Segment Start: DATA EXCERPTS

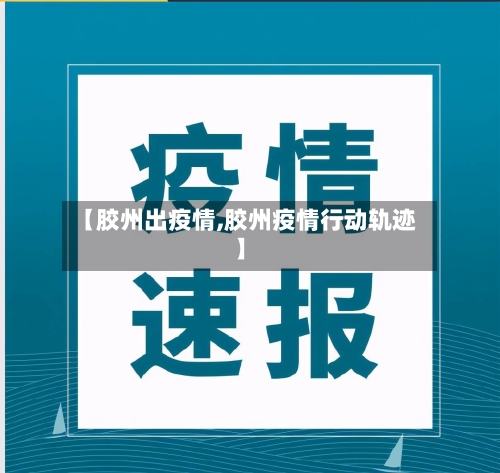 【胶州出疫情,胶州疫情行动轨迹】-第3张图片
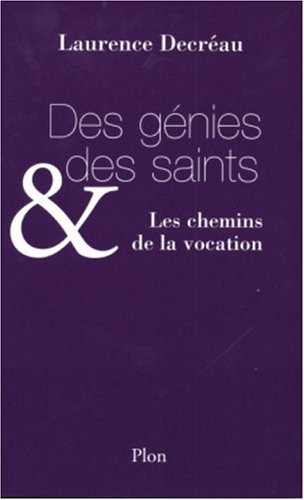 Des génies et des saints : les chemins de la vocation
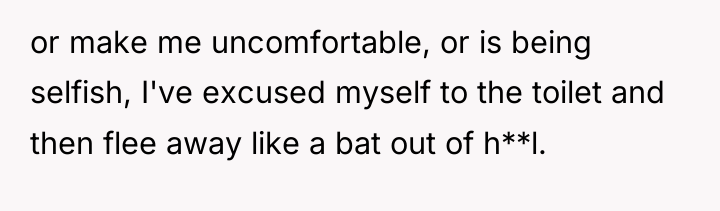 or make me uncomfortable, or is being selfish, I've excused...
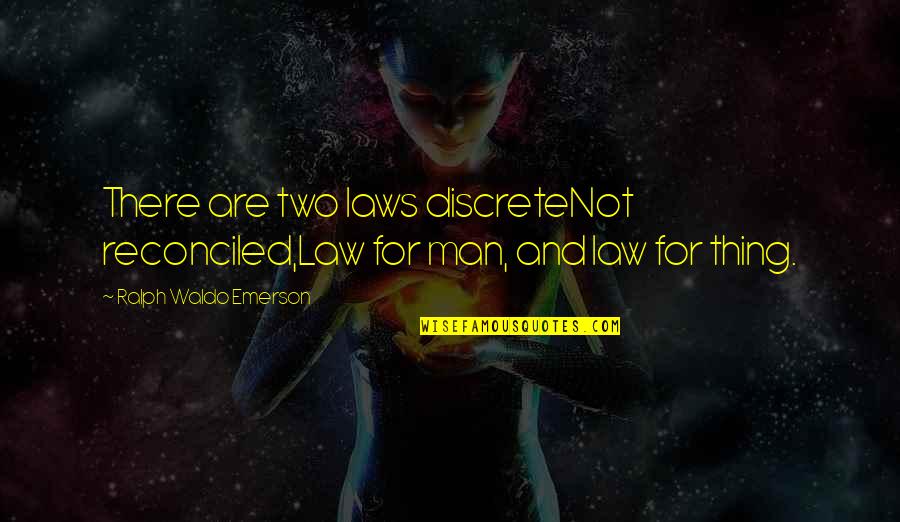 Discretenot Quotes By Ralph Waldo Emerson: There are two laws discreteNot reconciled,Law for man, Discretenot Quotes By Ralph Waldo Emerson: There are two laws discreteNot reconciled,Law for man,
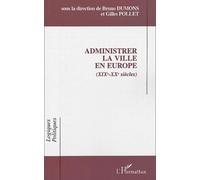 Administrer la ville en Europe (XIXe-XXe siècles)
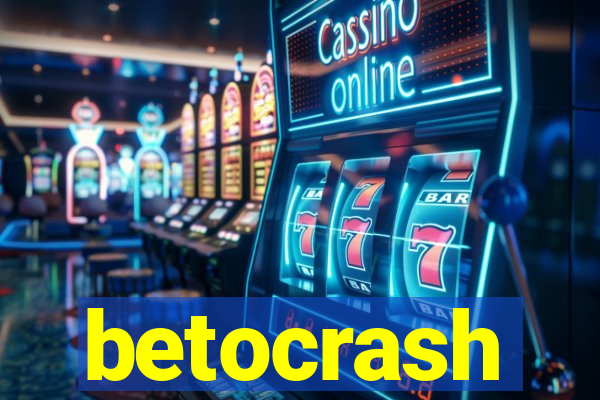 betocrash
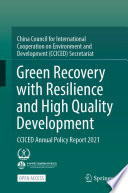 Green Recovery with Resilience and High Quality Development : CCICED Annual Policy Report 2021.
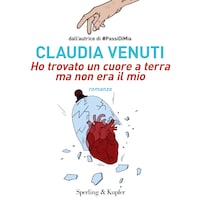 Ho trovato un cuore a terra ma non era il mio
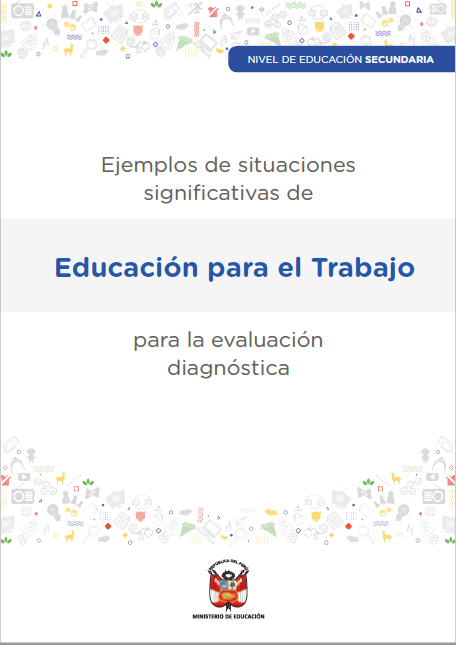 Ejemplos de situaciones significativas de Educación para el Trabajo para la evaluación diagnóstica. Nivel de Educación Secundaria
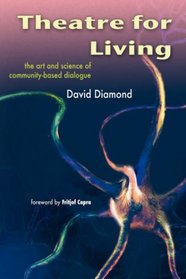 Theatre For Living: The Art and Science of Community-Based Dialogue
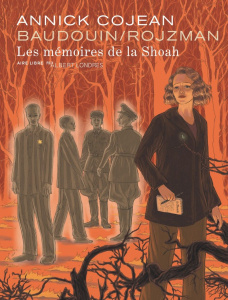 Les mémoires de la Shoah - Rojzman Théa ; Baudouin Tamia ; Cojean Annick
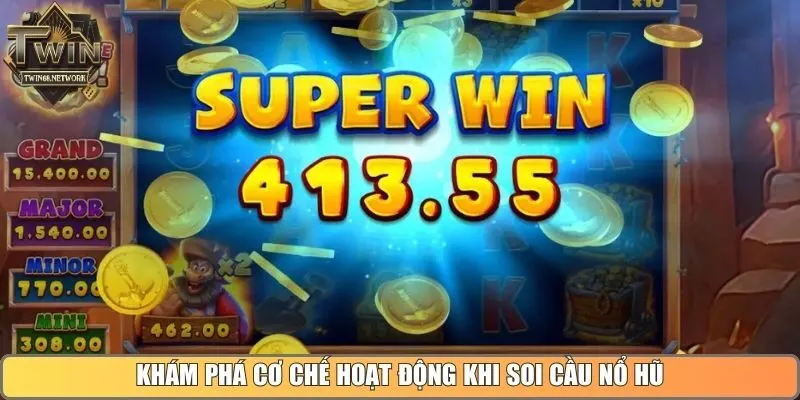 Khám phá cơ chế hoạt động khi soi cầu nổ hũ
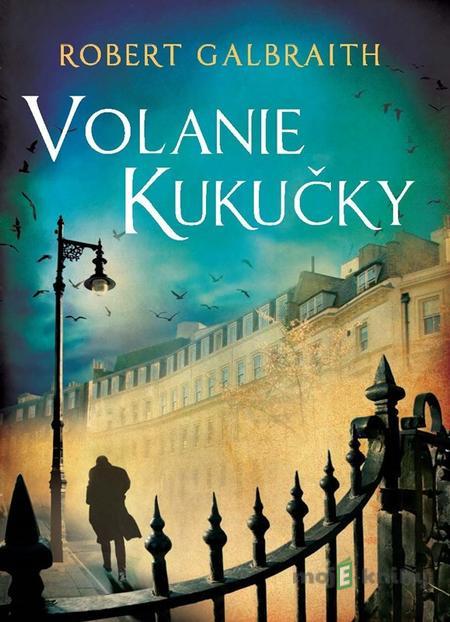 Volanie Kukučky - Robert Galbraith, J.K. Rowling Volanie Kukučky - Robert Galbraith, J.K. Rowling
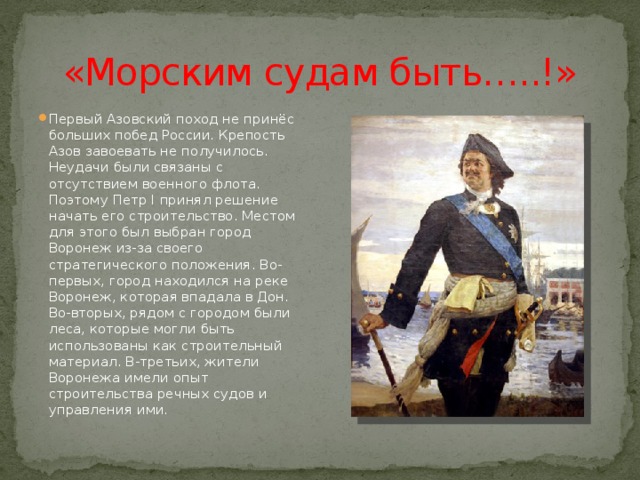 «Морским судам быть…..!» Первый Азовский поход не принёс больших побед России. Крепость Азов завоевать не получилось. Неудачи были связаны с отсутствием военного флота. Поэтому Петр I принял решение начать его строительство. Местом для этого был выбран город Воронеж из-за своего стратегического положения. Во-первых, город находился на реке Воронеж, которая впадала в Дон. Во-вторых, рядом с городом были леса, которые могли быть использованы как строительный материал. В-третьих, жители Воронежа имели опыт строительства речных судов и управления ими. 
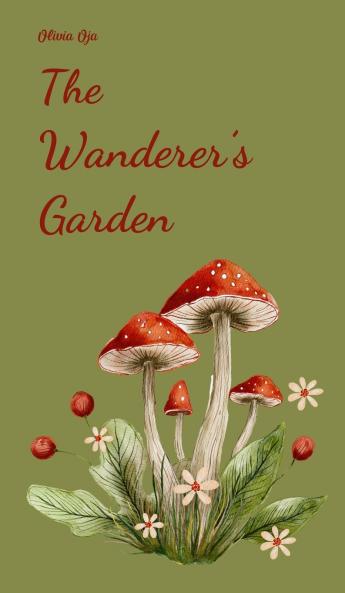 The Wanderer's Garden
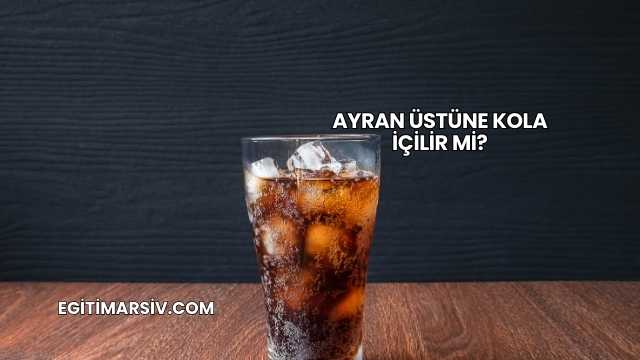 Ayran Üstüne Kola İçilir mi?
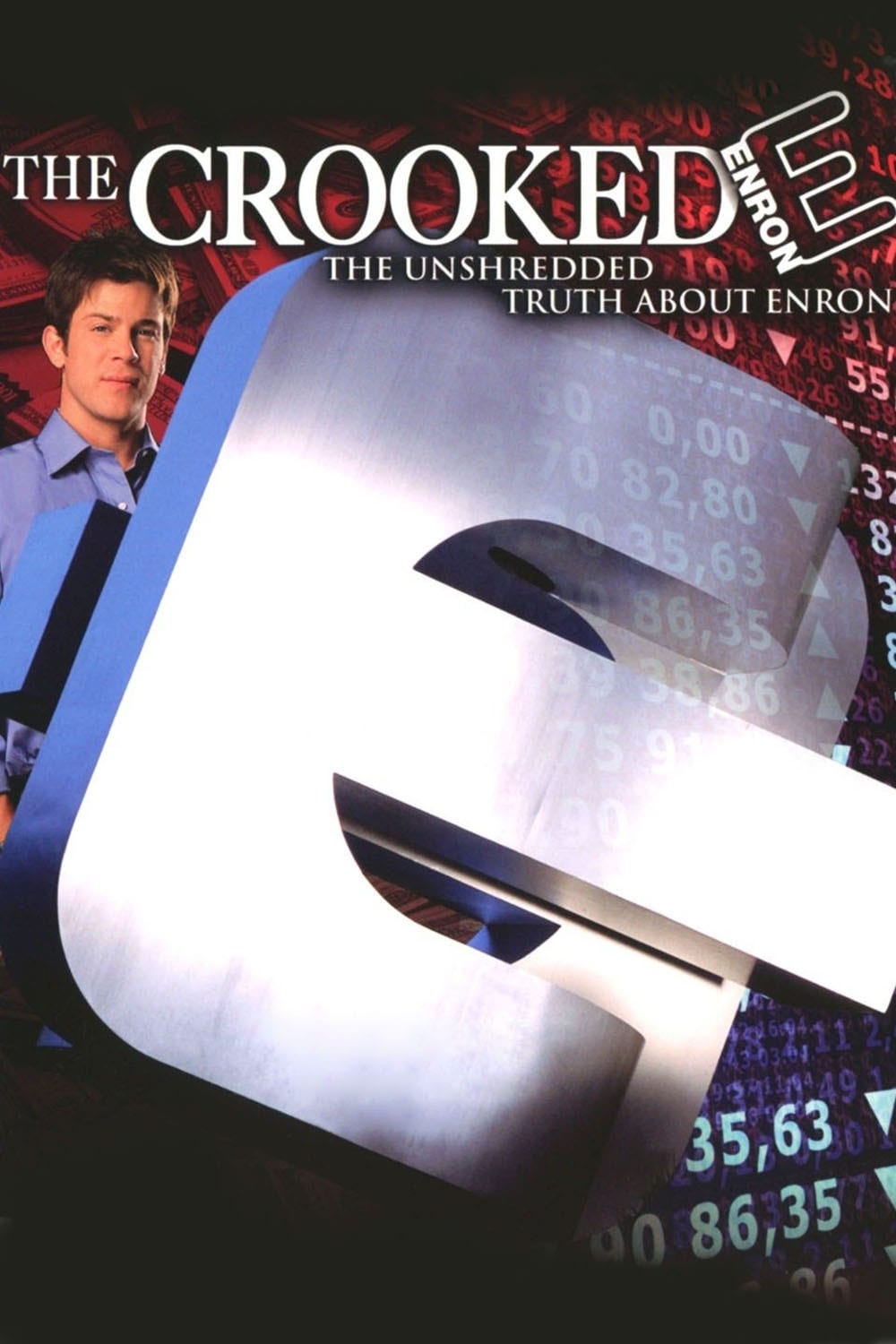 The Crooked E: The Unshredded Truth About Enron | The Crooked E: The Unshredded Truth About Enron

Segment End: DATA EXCERPTS

**TASK ITEM**: The answer must consist only of the lines from the beginning of the entries above through the line that holds "Volanie Kukučky - Robert Galbraith, J.K. Rowling Volanie", reproduced exactly and without pictures.

**TASK ANSWER**:
 【胶州出疫情,胶州疫情行动轨迹】-第3张图片
 Des génies et des saints : les chemins de la vocation
 or make me uncomfortable, or is being selfish, I've excused...
 Discretenot Quotes By Ralph Waldo Emerson: There are two laws discreteNot reconciled,Law for man, Discretenot Quotes By Ralph Waldo Emerson: There are two laws discreteNot reconciled,Law for man,
 Administrer la ville en Europe (XIXe-XXe siècles)
 betocrash
 Green Recovery with Resilience and High Quality Development : CCICED Annual Policy Report 2021.
 Ho trovato un cuore a terra ma non era il mio
 Ejemplos de situaciones significativas de Educación para el Trabajo para la evaluación diagnóstica. Nivel de Educación Secundaria
 Theatre For Living: The Art and Science of Community-Based Dialogue
 Les mémoires de la Shoah - Rojzman Théa ; Baudouin Tamia ; Cojean Annick
 Khám phá cơ chế hoạt động khi soi cầu nổ hũ
 Volanie Kukučky - Robert Galbraith, J.K. Rowling Volanie Kukučky - Robert Galbraith, J.K. Rowling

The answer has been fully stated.